A train rides through the Howard Street Tunnel/Photo by Maryland GovPics, Courtesy Creative Commons.
  • As the Baltimore Business Journal first reported, the reimagining of Lexington Market, which involves a massive redesign and the demolishing of the current beloved market building, has been approved by the Baltimore spending board for $250,000.
  • Merritt Properties has gotten the first go ahead to build a 200,000 square-foot, 20-story, $70 million office building in Canton near its Boston Street gym that would include retail space and a conferencing center. Groundbreaking on the building, if all goes as planned, should happen in 2021.
  • Improvements to the Howard Street tunnel are being reconsidered. The project, which would involve updating and adjusting the tunnel ideally to make the city’s port more active and lead to new jobs, has languished lately. But last week, James White, the executive director of the Port Administration, informed the House of Delegates budget committee that there is serious consideration again, with railroading company CSX Corporation and the deputy secretary of transportation (whose name is Jim Ports, just saying) in conversation. In the fall, CSX pulled their support, essentially saying they couldn’t justify the investment, and the city ended its request for $155 million dollars from the federal government.
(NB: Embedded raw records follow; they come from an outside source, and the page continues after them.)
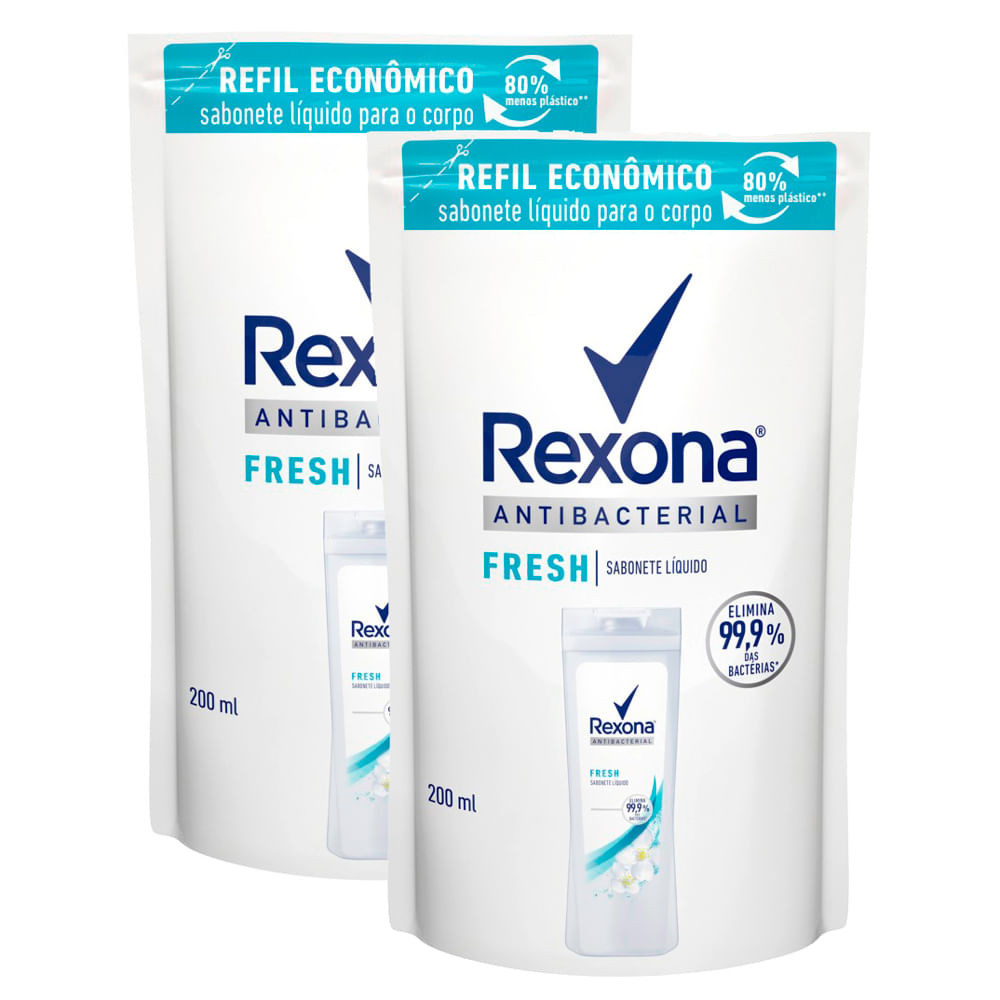 Sabonete Líquido Rexona Antibacterial Fresh Refil com 200ml | Kit com duas unidades - Beauty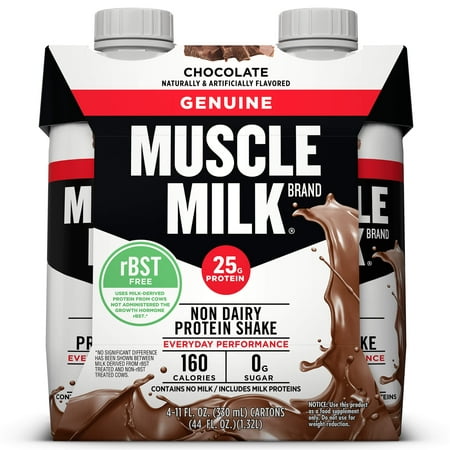 (3 pack) Muscle Milk Genuine Non-Dairy Protein Shake, Chocolate, 25g Protein, Ready to Drink, 11 Fl Oz, 12 (Best Protein Drink To Build Muscle)
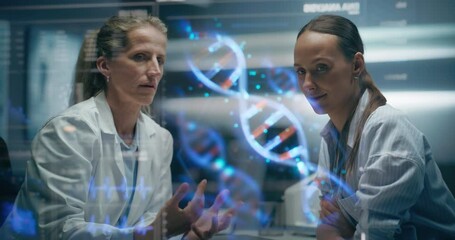Physician And Patient Discuss Treatment with Projected DNA Helices Hologram. AI Molecular Epigenetic Hotspots And Protein-Binding Domains, Visualization Of Gene Expression, Targeted CRISPR Therapy - Powered by Adobe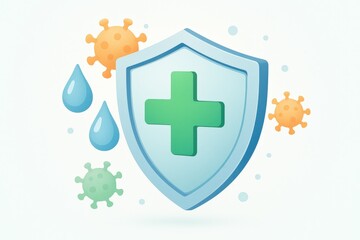 Fototapeta premium Innovative digital shield representing health protection against viruses featuring water droplets and microbes emphasizing personal safety measures and biological resilience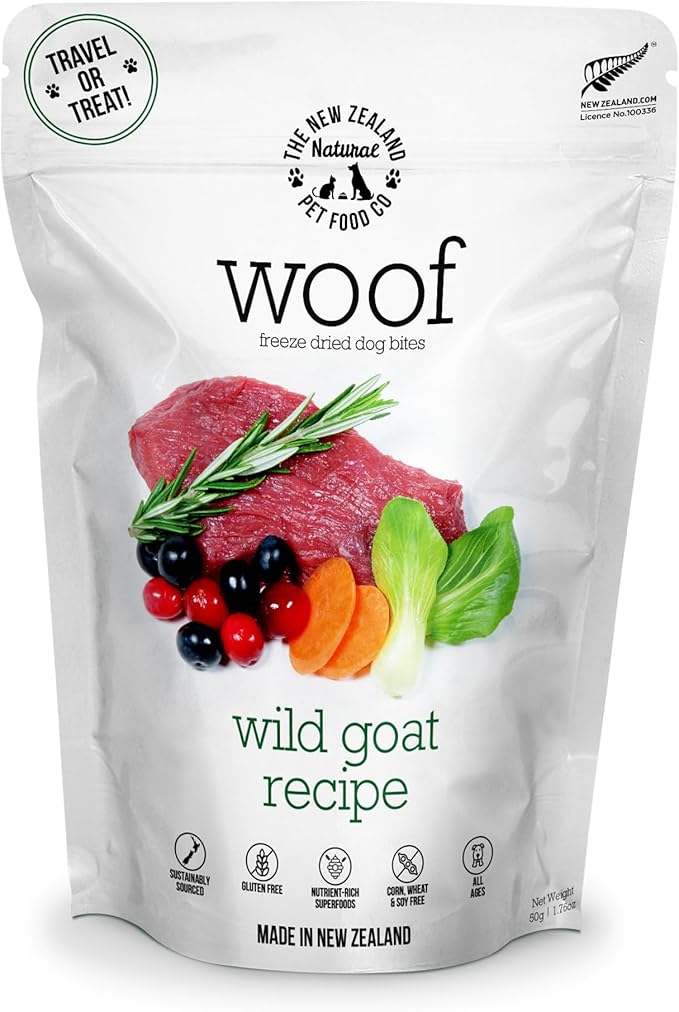 The New Zealand Natural Pet Food Co Woof Freeze Dried Dog Food - Wild Goat Recipe, High Protein, Complete Diet, Dog Treats, All Life Stages - 1.76 oz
  • In related port news, the debate about whether or not the city should expand its two crude oil terminals and add new ones continues. City Council has offered legislation to prohibit oil being moved by train through Baltimore neighborhoods. There is a growing public outcry as well to prevent oil spills and other potentially disastrous impacts (as Clean Water Action, who supports the council’s bill, has observed, “165,000 Baltimoreans live in the crude oil train blast zone”). On Feb. 21, there will be a hearing at 1 p.m. held by City Council’s Land Use and Transportation Committee. Those who support the prohibition of oil terminals expansion will gather in front of City Hall at noon.
  • Reed Cordish, son of developer David Cordish of Cordish Companies (and a former partner in Cordish Companies), has left his year-long role in the Trump administration as Trump’s head of the the Office of American Innovation. Mostly, Cordish had been involved in infrastructure changes, which are under consideration by congress and, despite the heavy price tag, remain some of the most (or maybe make the few?) promising changes from Trump since he came into office.